In addition to the irregularities concerning Grievant's

qualifications, Mr. Steager also cited "considerable unrefuted [testimony] that Mr. Annon's reinstatement was initiated, processed, and in many other respects, handled differently than that of other applicants for employment." Mr. Steager cited the testimony of Mr. Basford who stated that the flow of information regarding Grievant had been from Mr. DeVaul to Personnel, while in most cases the information is transmitted by someone in a personnel capacity within the employing agency.
Mr. Basford indicated that he was unsure of Mr.

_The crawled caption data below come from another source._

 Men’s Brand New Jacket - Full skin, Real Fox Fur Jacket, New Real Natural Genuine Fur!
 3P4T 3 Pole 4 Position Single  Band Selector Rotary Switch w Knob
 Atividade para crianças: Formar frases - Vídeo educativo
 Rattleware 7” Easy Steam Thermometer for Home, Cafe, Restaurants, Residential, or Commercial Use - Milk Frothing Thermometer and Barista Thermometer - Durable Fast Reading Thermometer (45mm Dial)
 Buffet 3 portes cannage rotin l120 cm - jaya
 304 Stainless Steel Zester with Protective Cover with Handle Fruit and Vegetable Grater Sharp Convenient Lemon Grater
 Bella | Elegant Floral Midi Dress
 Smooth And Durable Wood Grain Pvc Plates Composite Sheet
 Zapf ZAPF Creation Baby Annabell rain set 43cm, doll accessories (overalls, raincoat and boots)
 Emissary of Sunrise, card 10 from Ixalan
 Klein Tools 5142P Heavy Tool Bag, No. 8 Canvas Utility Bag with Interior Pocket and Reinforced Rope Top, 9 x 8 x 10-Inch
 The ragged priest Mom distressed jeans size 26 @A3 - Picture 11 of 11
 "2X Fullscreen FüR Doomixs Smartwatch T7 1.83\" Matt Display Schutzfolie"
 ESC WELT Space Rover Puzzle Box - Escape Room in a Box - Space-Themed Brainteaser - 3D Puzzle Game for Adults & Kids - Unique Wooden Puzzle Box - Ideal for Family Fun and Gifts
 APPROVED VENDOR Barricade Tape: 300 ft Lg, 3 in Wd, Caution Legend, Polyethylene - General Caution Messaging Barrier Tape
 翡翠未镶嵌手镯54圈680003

DeVaul's role, but that the information was not handled by the individuals at Highways who usually worked with Personnel. Mr. Basford confirmed that Grievant's classification at Pay Grade 12, Step 8B was in compliance with Personnel's regulations but did not recall any prior reinstatement of an employee with an increase in salary of the magnitude in this case. Despite the strict compliance with Personnel Regulations Mr. Basford concluded that the Grievant's salary upon reinstatement was improper. He stated in pertinent part: The merit system, which is the foundation for the Career Service of the Civil Service System, is the basis for all of our regulations. Its strongest platform or element is that of equity and there are a number of employees in the Tax Department who file even another grievance regarding the discrepancy in pay when these kinds of transactions occur. I would have no difficulty with the problem with the salary increase that Mr. Annon received if you could view him in isolation, if there were no other Revenue Agents involved here, but there are a number of other employees in the Tax Department and Revenue Agents who continue to be paid at a salary far below what Mr. Annon was reinstated at, whose qualifications equal to, or exceed his qualifications.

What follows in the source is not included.